Your task — Pictures appear among the records below and must be omitted. Repeat exactly the lines from the line with "Passport Ripstop Double" to the line with "Israeli Attacks Kill", both included.

Record set —
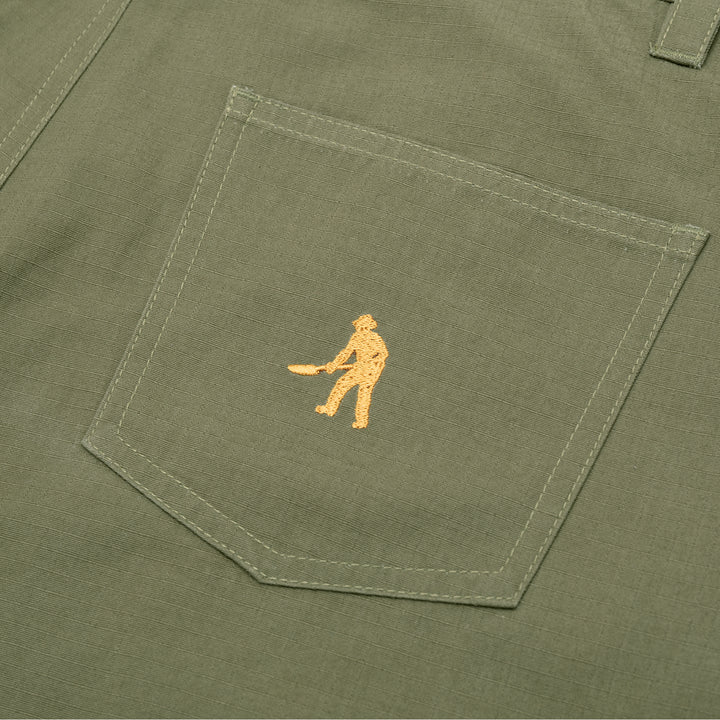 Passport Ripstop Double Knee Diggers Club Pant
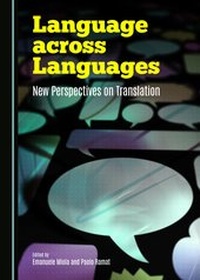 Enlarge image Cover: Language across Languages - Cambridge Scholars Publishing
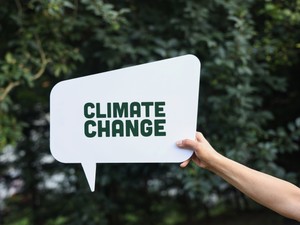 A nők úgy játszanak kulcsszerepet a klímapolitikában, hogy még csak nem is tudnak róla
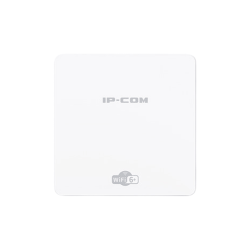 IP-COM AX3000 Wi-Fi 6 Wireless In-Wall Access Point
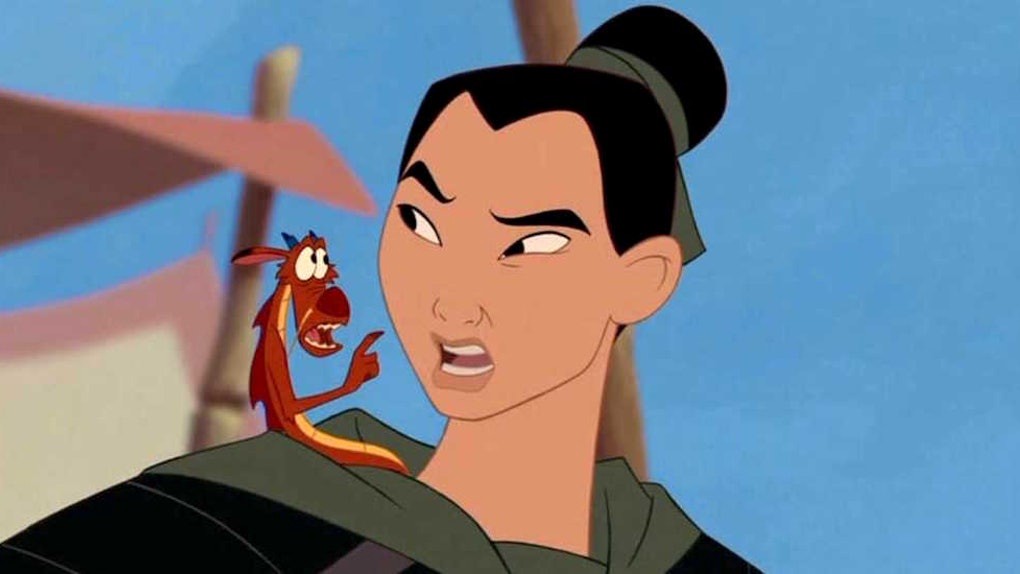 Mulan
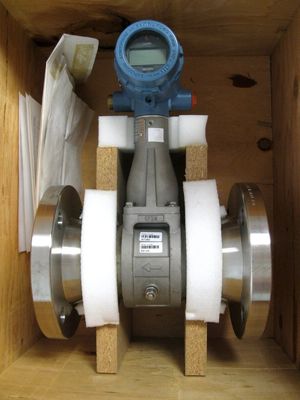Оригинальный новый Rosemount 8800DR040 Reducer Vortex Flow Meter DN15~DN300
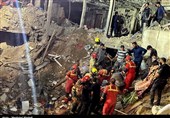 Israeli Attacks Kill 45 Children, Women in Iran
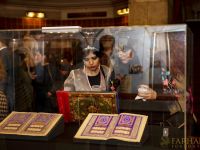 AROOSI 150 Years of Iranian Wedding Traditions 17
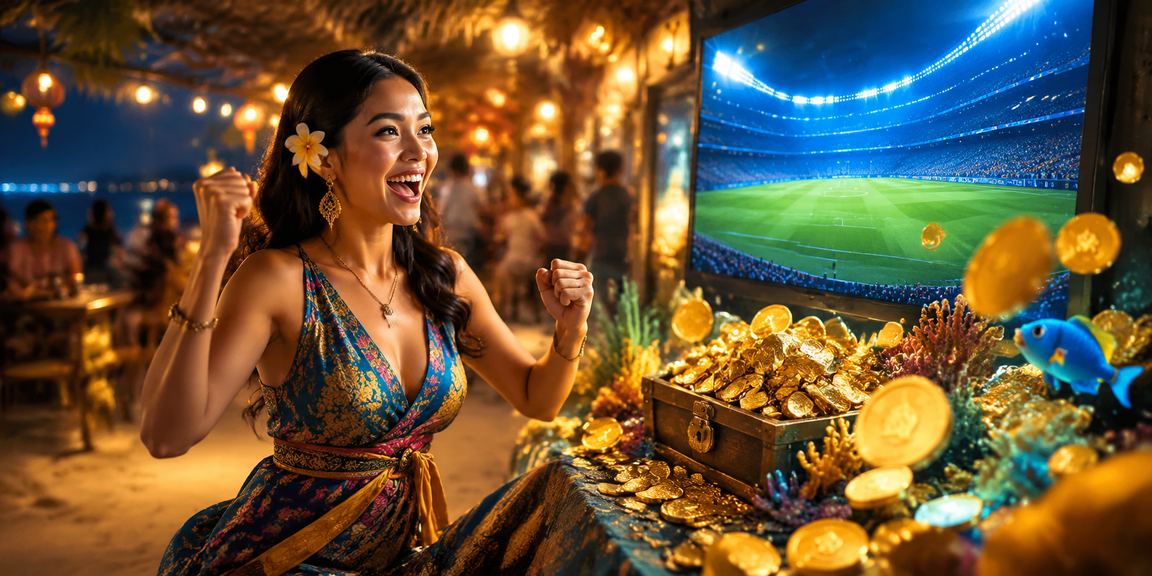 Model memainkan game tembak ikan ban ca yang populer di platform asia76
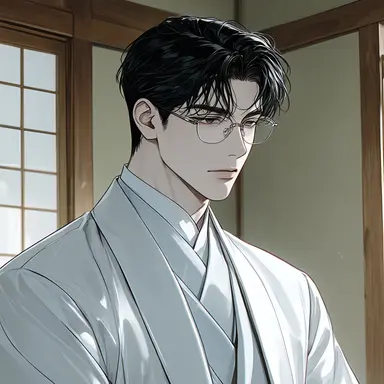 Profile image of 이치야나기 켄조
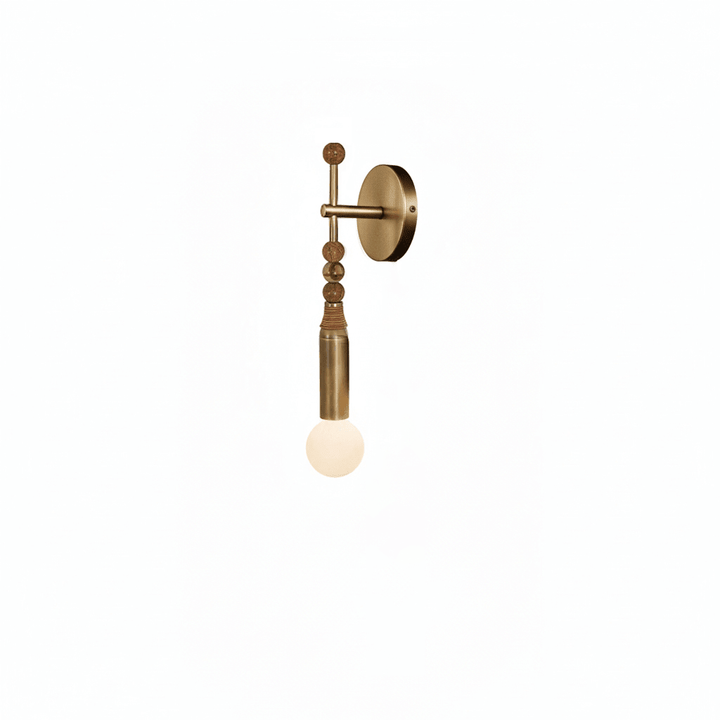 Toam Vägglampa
==
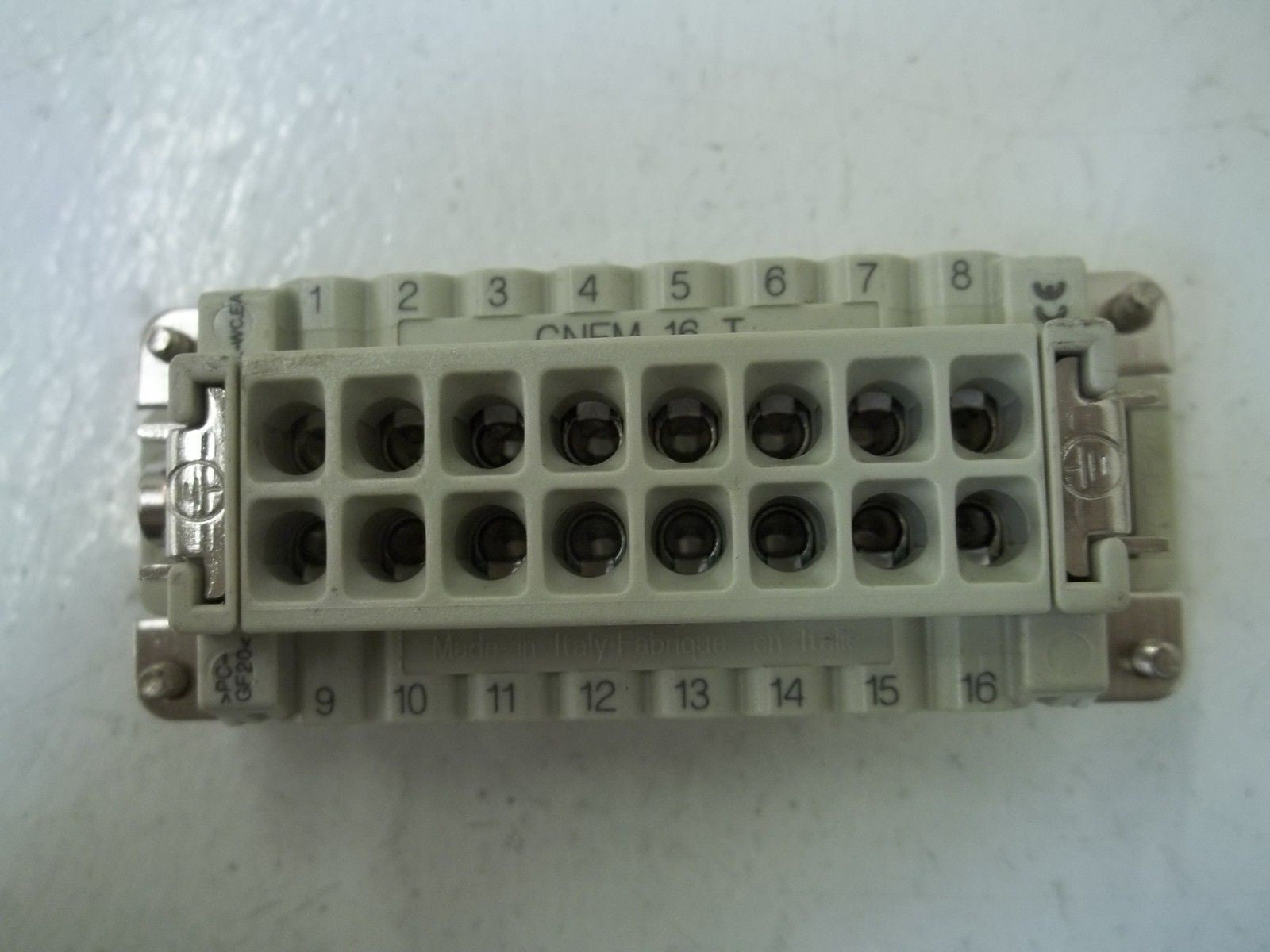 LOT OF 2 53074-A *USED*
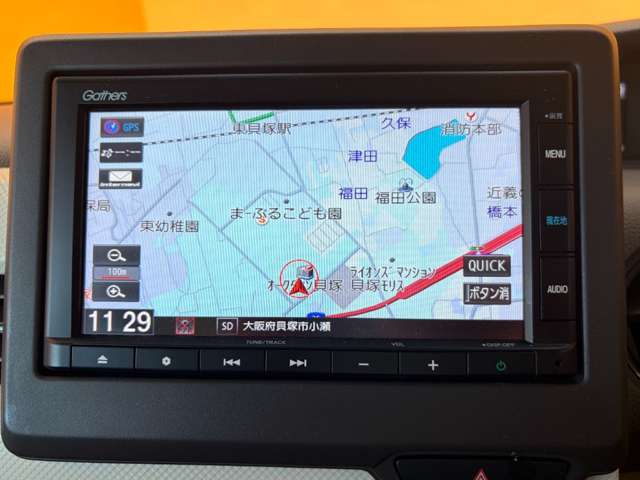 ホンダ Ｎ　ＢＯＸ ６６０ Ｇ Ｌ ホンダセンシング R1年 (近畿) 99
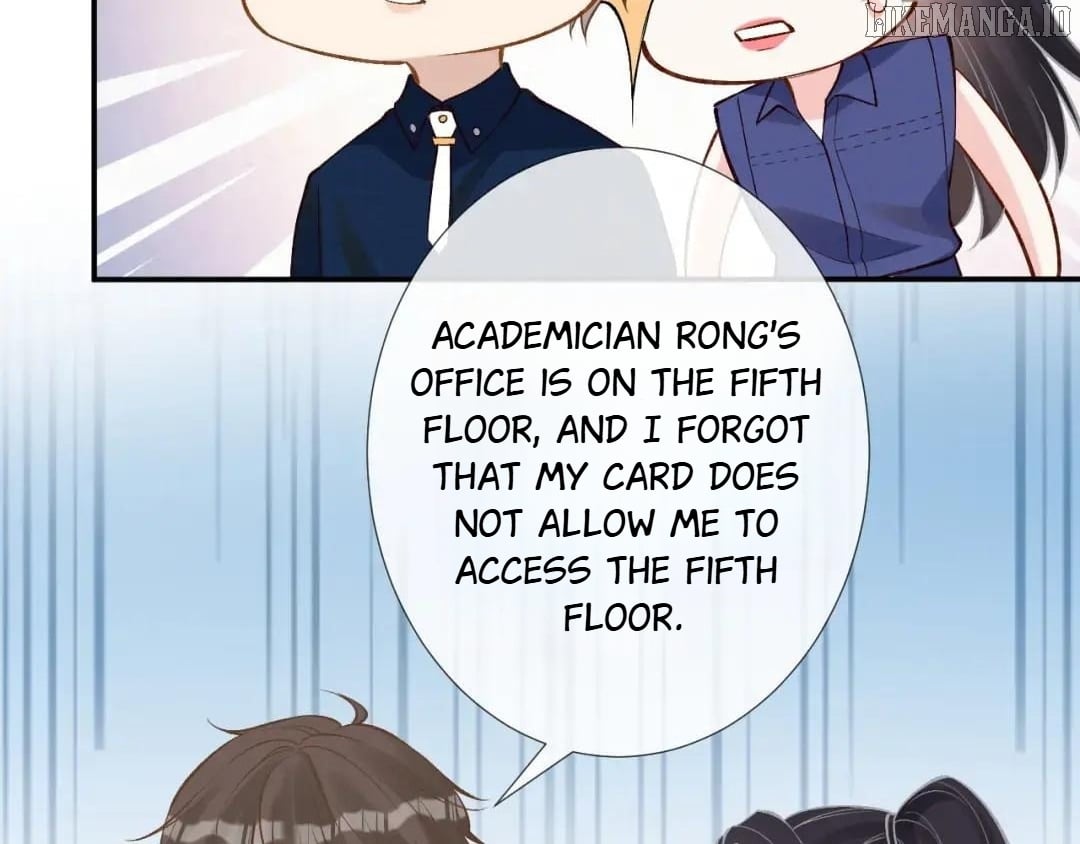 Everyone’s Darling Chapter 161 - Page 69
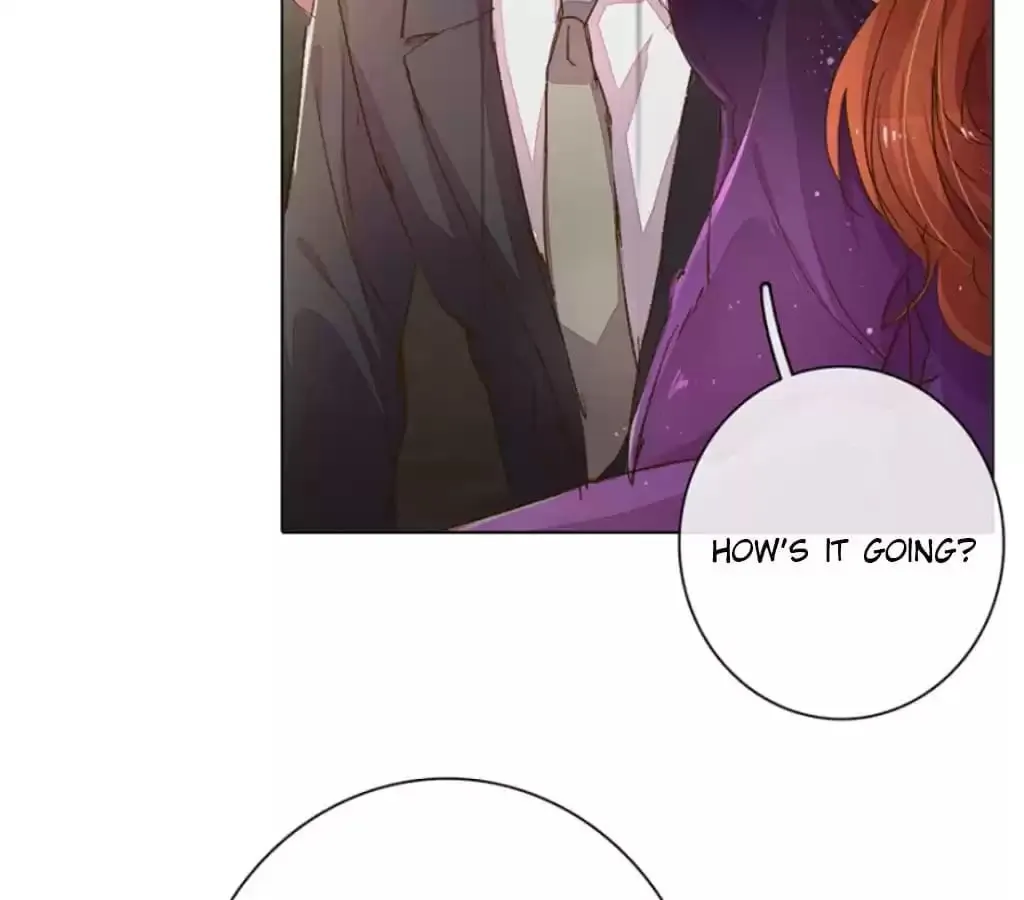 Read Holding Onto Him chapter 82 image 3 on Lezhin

Finished task —
 Passport Ripstop Double Knee Diggers Club Pant
 Enlarge image Cover: Language across Languages - Cambridge Scholars Publishing
 A nők úgy játszanak kulcsszerepet a klímapolitikában, hogy még csak nem is tudnak róla
 IP-COM AX3000 Wi-Fi 6 Wireless In-Wall Access Point
 Mulan
Оригинальный новый Rosemount 8800DR040 Reducer Vortex Flow Meter DN15~DN300
 Israeli Attacks Kill 45 Children, Women in Iran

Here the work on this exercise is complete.